Une reprise atypique aux Etats-Unis
Le taux de profit a baissé aux Etats-Unis dès 1997, notamment parce que la " nouvelle économie " s’est traduite par un alourdissement du capital (une hausse de sa composition organique, dirait un marxiste). La politique économique de Bush a répondu à ce mouvement par trois moyens. Le premier a été une sorte de " keynésianisme militaire " tendant à augmenter les dépenses militaires, au détriment du budget fédéral, qui est passé en quelques années d’un petit excédent à un déficit prononcé. Le second moyen a été une baisse spectaculaire des impôts qui a permis de soutenir la consommation des riches, au prix d’une dégradation supplémentaire du budget. Enfin, les taux d’intérêt ont été ramenés à un niveau très bas, de manière à soutenir le marché intérieur, en particulier celui de l’immobilier. Le recours à ces dispositifs a creusé la contradiction principale du modèle US. Le moteur de la croissance y est la consommation des ménages, mais ce dynamisme pose trois problèmes : une répartition des revenus de plus en plus inégalitaire (jusqu’à la caricature) ; un endettement croissant des ménages ; et surtout, un déficit commercial croissant vis-à-vis du reste du monde (plus de 5 % du PIB US, soit plus d’un point du PIB mondial). L’aspect positif pour le capitalisme US est le maintien à un niveau élevé de la progression des gains de productivité : la reprise se fait pratiquement sans création d’emplois. Mais le doute persiste quant à la pérennité de ces gains de productivité aux Etats-Unis, et l’espoir de leur extension aux autres économies dominantes s’est évanoui. Dans ces conditions, la bonne santé de l’économie US repose sur un déséquilibre fondamental de l’économie mondiale.
L’imbrication complexe de l’économie mondiale
Les débats économiques aux Etats-Unis sont marqués par l’inquiétude à l’égard de la montée en puissance de la Chine. Celle-ci représente à peu près la moitié du déficit commercial des Etats- Unis, et cette part ne fait qu’augmenter. Entre 1970 et 2002, les exportations chinoises ont été multipliées par 140, et leur compétitivité est assurée par l’ancrage du yuan au dollar, qui est l’une des cibles du gouvernement états-unien, d’autant plus que la concurrence chinoise commence en outre à toucher les secteurs de haute technologie. On discute beaucoup de délocalisations et de désindustrialisation, même si l’essentiel des pertes d’emplois manufacturiers s’expliquent par les gains de productivité et les restructurations.

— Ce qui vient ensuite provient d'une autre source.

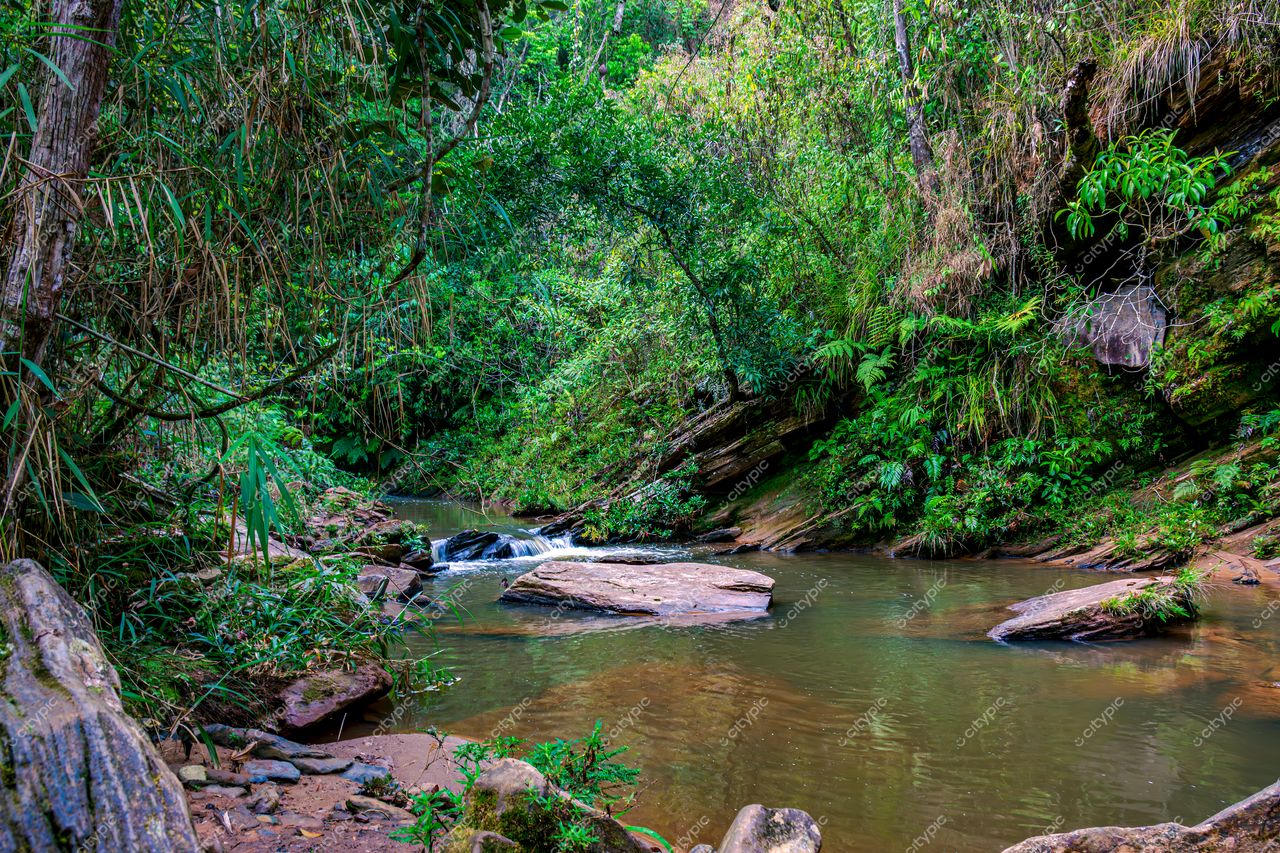 Oásis de tranquilidade: um riacho sereno em meio à natureza exuberante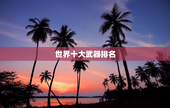 世界十大武器排名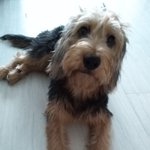 [귀여운<b>동물</b>] (추가ㅋ)울집 막내 댕댕이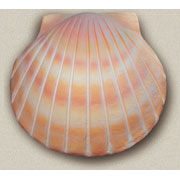 Sand Shell Deep Water Bio Urn Sand Shell Deep Water Bio Urn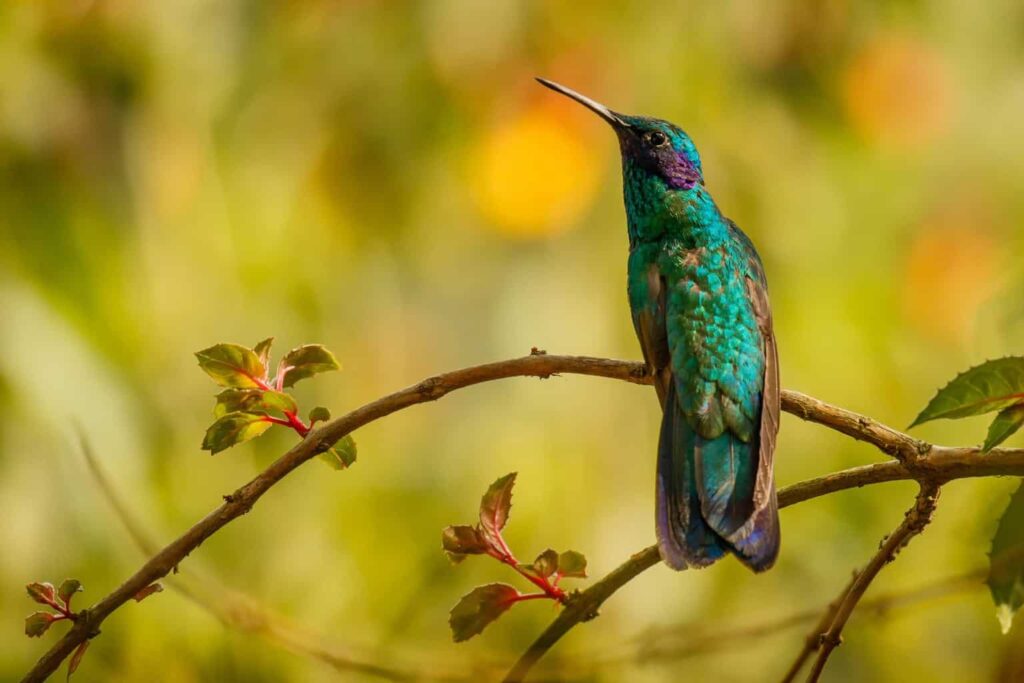 Hummingbirds In Illinois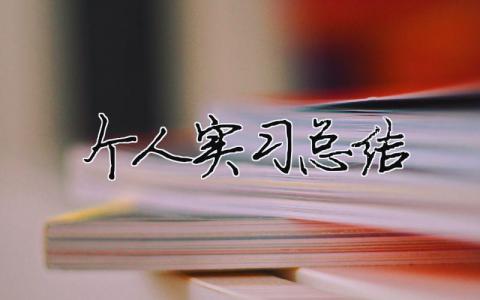 個人實習總結（精選合集18篇）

La réponse au déficit commercial est la baisse du dollar par rapport aux devises non alignées sur la monnaie dominante, principalement l’euro. Cette baisse est considérable, de l’ordre de 40 %, et a exporté la faible croissance vers l’Euroland qui, après les années d’embellie (1997-2000), se voit à nouveau plongée dans une conjoncture médiocre et qui se retourne vers le bas. Le bel enthousiasme de la Stratégie européenne pour l’emploi s’est dissipé, et le Pacte de stabilité économique s’est révélé impraticable. Le retour à des politiques d’austérité salariale a conduit à un étouffement du marché intérieur, et les baisses d’impôts n’ont pas réussi à vraiment doper la consommation des riches. La faiblesse de l’investissement ne permet pas de renouer avec des gains de productivité suffisants, en dépit d’une politique systématique de restructurations des firmes européennes.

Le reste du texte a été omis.